**TASK BRIEF:** Return all the entries exactly, keeping pictures out.

(Crawled caption data)
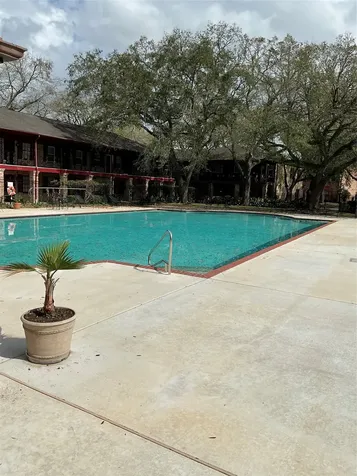5217 Arboles Drive M Houston TX 77035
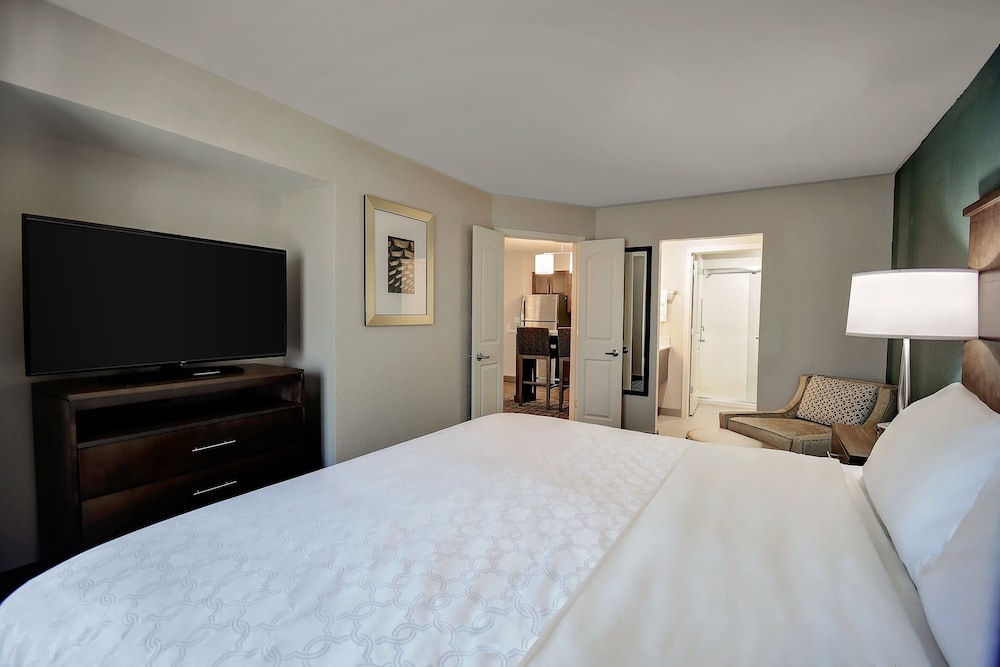 Suite, 1 Bedroom, Accessible, Kitchen (Communication Accessible) - Photo 2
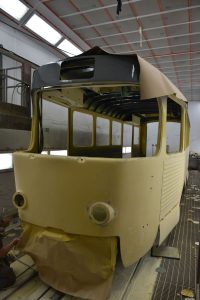 První článek tramvaje K2 před lakováním. Foto: DPMB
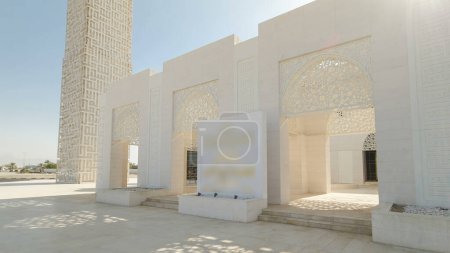 Foto de Entrada a la mezquita blanca en Ajman timelapse hiperlapso con destellos de sol, Emiratos Árabes Unidos - Imagen libre de derechos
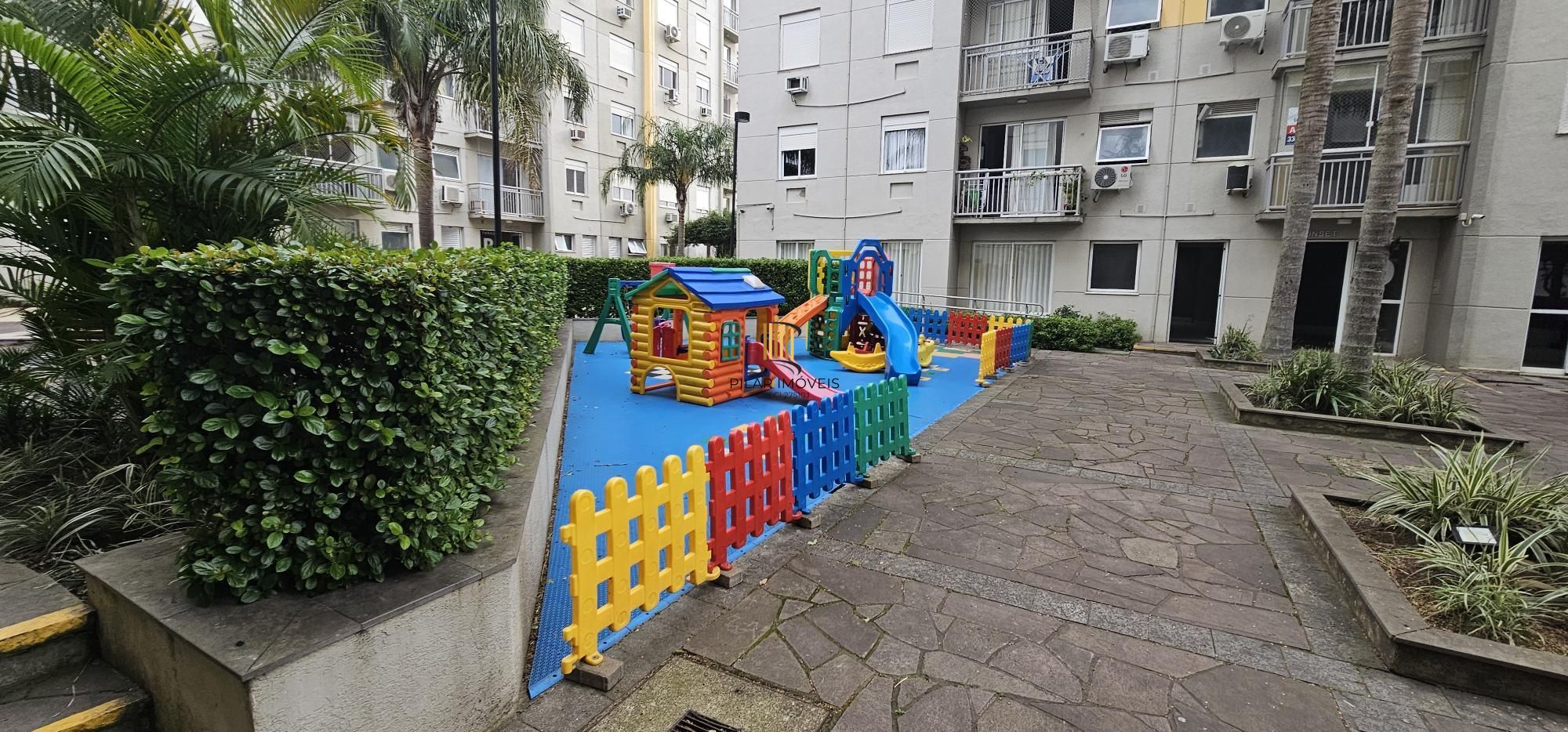 Apartamento 2 dormitórios no bairro Tristeza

**ANSWER TO THE EXERCISE:**
5217 Arboles Drive M Houston TX 77035
 Suite, 1 Bedroom, Accessible, Kitchen (Communication Accessible) - Photo 2
 První článek tramvaje K2 před lakováním. Foto: DPMB
 Foto de Entrada a la mezquita blanca en Ajman timelapse hiperlapso con destellos de sol, Emiratos Árabes Unidos - Imagen libre de derechos
 Apartamento 2 dormitórios no bairro Tristeza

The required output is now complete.